The truth was, sometimes a girl would do anything to blot out a memory—including killing multiple brain cells with tequila and lime.
“Hold on, there, chica,” her best friend and partner in crime slurred as she tried to keep Jaci from falling into the muddy muck that reeked of bad decisions and too many free drinks from guys hoping to get lucky. “If you go face-first in that garbage, you’re on your own,” Sonia warned, trying to keep Jaci steady. “You done? Or do you need to go another round?”
Jaci wiped her mouth and offered a sloppy grin. “I’m good. Where’s the cab? I’m ready to go to bed.”
“Not down this creepy alley, that’s for sure,” Sonia managed to quip as they helped each other down the uneven pavement, stumbling a few times. “We should’ve left through the front door. They have cabs lined up, ready to go. But no, you wanted to go out the back door so no one saw you throw up. Jaci, I swear to God, if I get jumped or raped, I’m going to kick your ass.”
Jaci smiled, feeling somewhat better, if not totally steady on her feet after unloading an excess of liquor onto the dirty ground. Ricochet was their favorite club and Fridays it was always hopping. Both Jaci and Sonia loved to dance and drink, two activities that Ricochet honored with plenty of loud music and even more alcohol.
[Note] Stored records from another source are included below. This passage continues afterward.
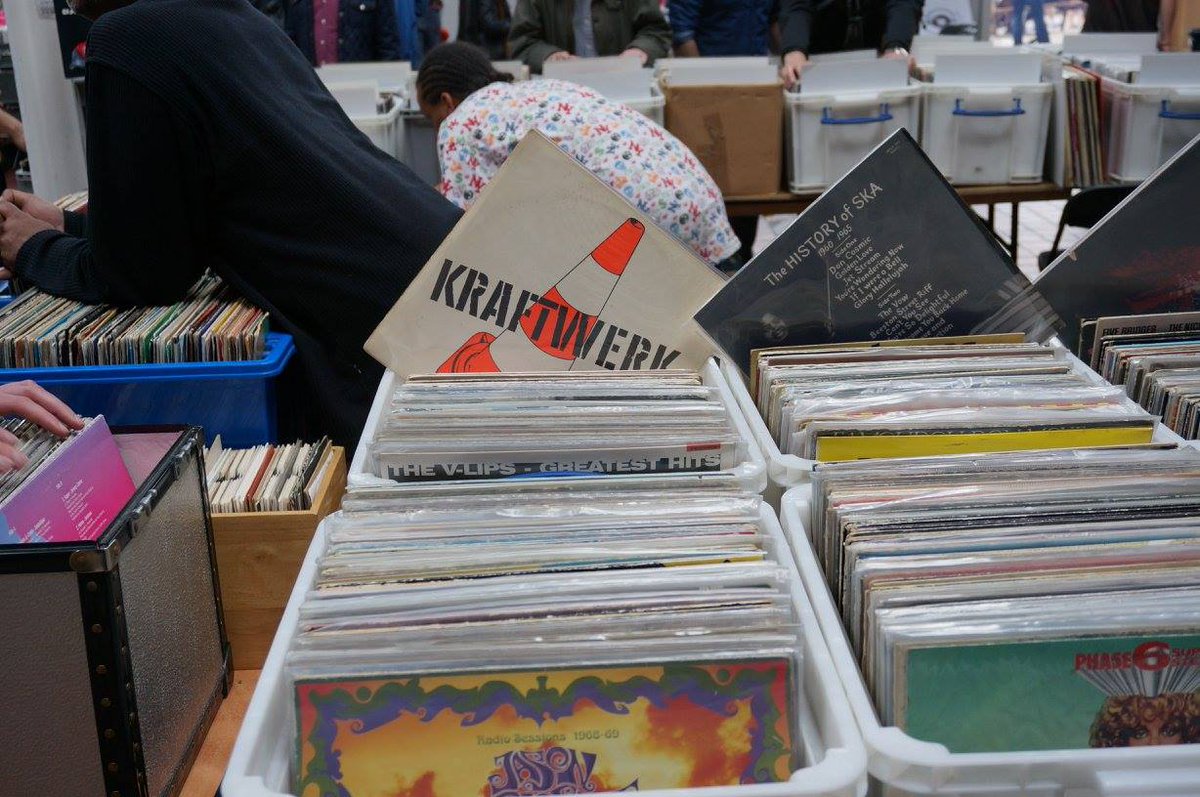 aboutawindow's tweet photo. Here we go @LDNRecordFair at @trumanbrewery #vinyl #record #fair #London #OMG #music #shopping  #LRF2016 https://t.co/G7xwdoL5gU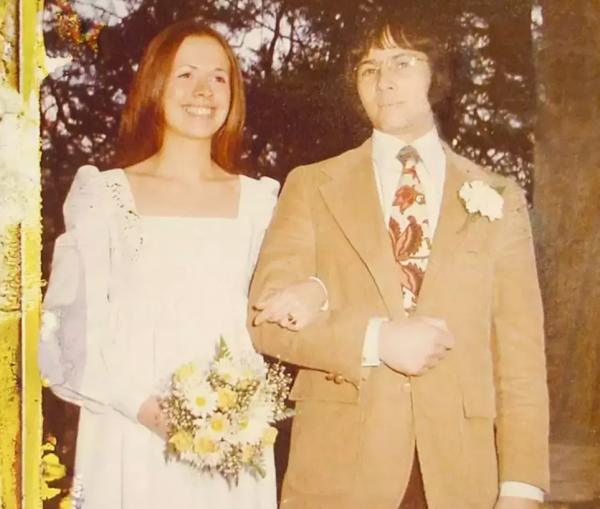 2001年，美國男子釣魚時發現屍體，兇手卻是男扮女裝的億萬富豪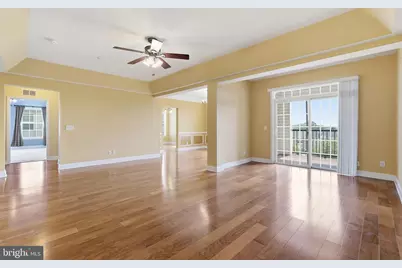 9202 Charleston Drive #402, Manassas, VA 20110 - Photo 6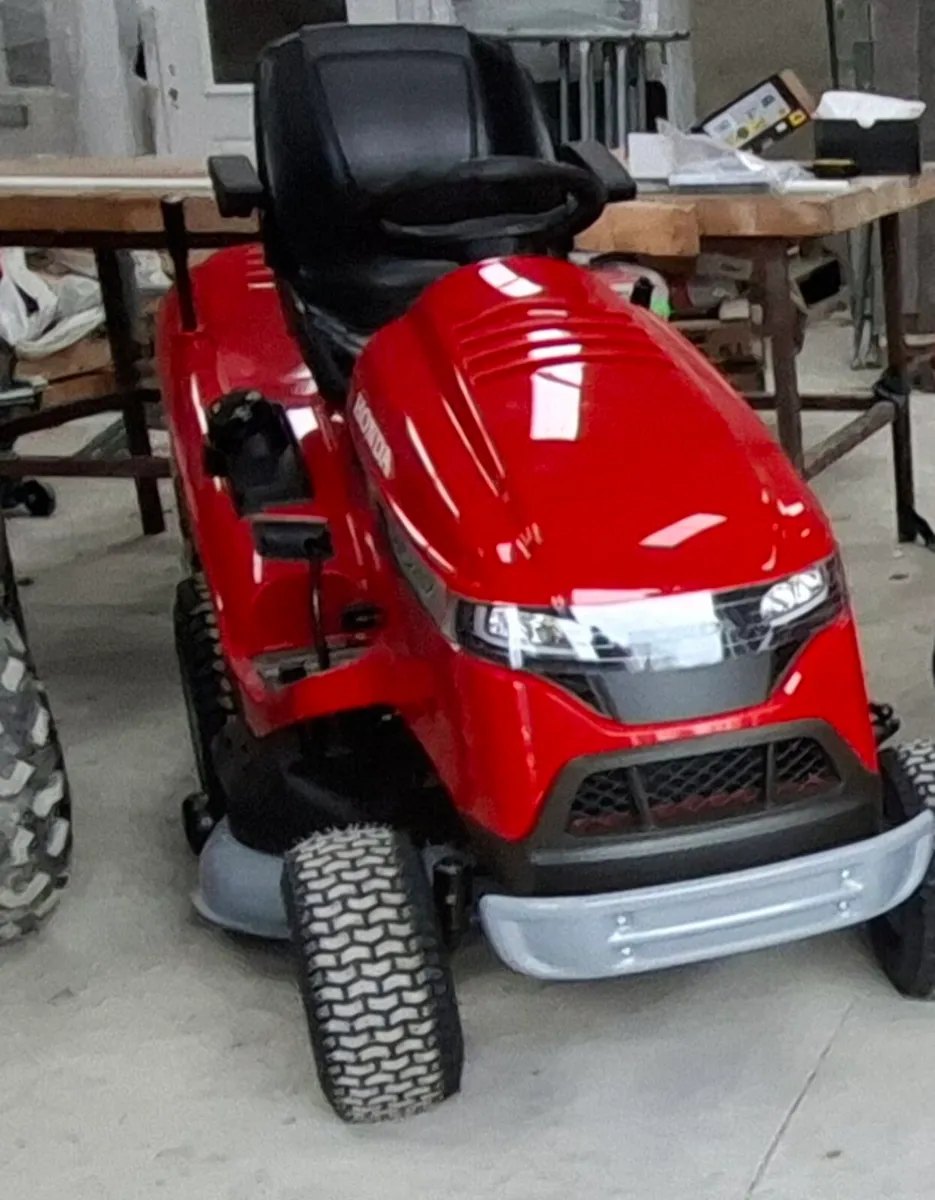Honda 2417 ride on lawnmower - Image 2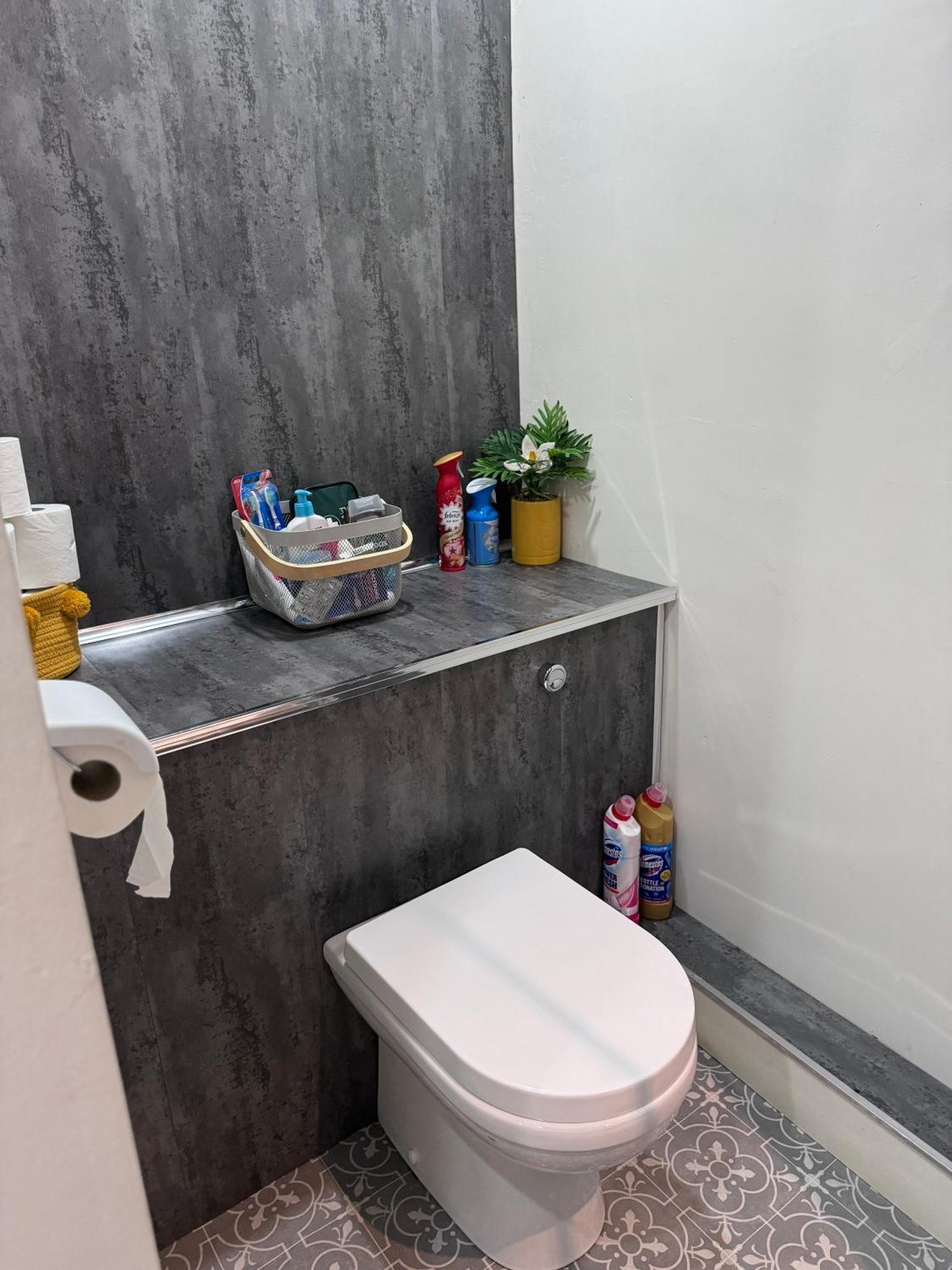 The Greens Apartment Farnworth المظهر الخارجي الصورة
“Did you see that guy totally checking you out?” Sonia said as they walked arm in arm down the dark path. The lights from the street glittered in the pale moonlight as the nightlife dwindled to nothing in the early-morning hours. The Los Angeles heat was still oppressive, causing Jaci’s skin to prickle with sweat. She pushed her hair from her eyes and tried to remember who Sonia was talking about. She simply shrugged when she couldn’t recall.
Sonia nudged her in the arm. “Come on, you can’t tell me you didn’t notice him. Tall, dark and a little dangerous-looking, actually,” Sonia said with a happy shiver. “The kind who’ll at least buy you dinner before having his way with you.”
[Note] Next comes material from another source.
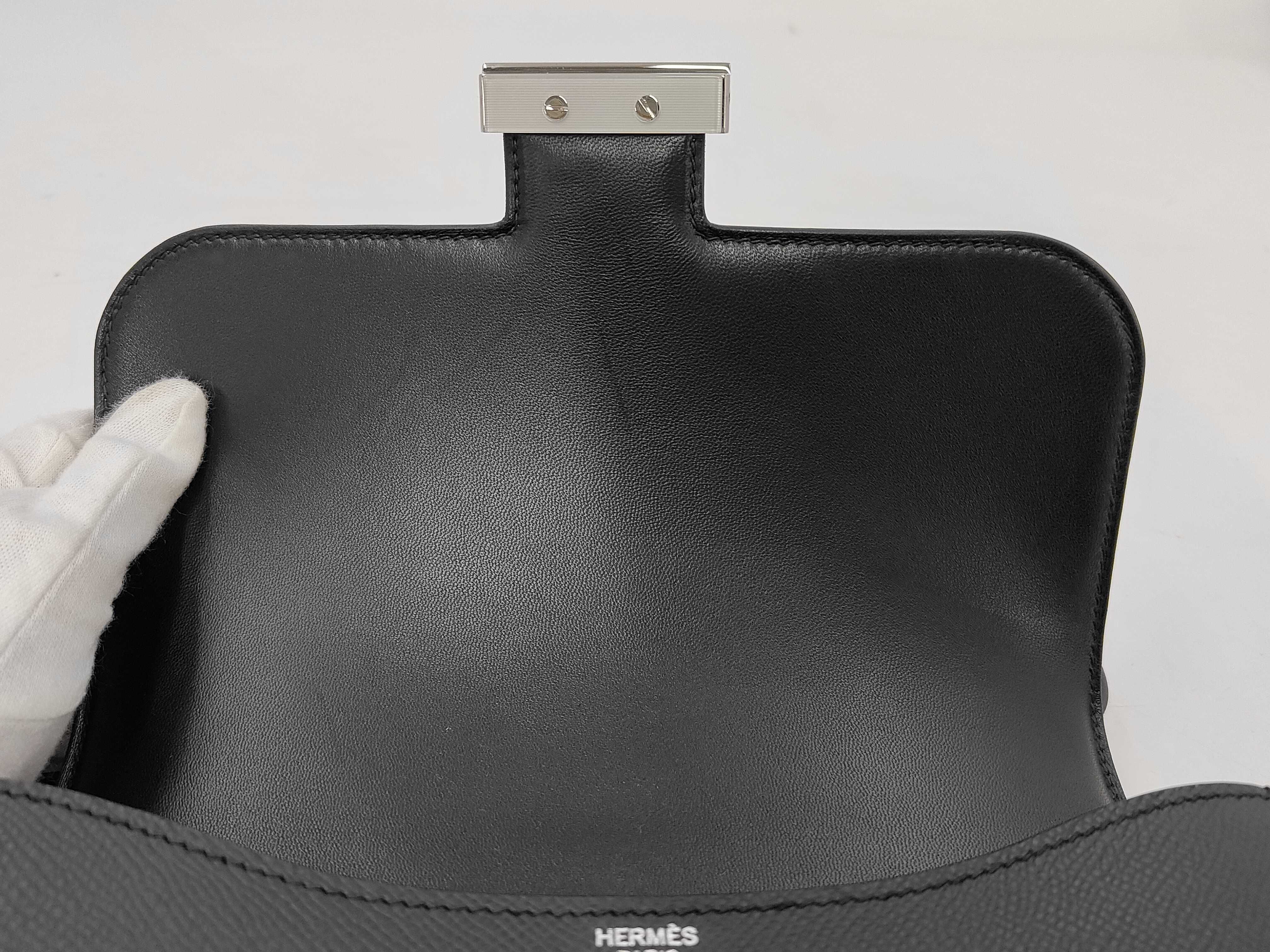 Constance 24 Miroir Epsom Black Silver Hardware G Stamp Shoulder Bag — view 8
Jaci kept her thoughts to herself on that score. She’d known a man like that and while the sex had been incredible, he’d snapped her heart in two and left it a bloody mess without once looking back. Sonia exhaled, adding, “Well, I thought for sure he was going to buy you a drink but he left about an hour ago. Sorry, kid. He might’ve been The One.”
Doubtful, Jaci thought, but smiled anyway. “Stop trying to find my Mr. Right,” she murmured on a hiccup. “There are no Mr. Rights, only Mr. Right Nows and Mr. You’ll Do For the Nights. Remember?”
“Right,” Sonia said with mock seriousness. “Whatever you say.”
They giggled, their laughter echoing in the still, closed-in heat, with Jaci’s thoughts happily soaked in tequila, drowning anything that resembled regret or sadness. This was the way to get over a broken heart, she thought giddily. Who needed therapy when you had good friends and even better liquor?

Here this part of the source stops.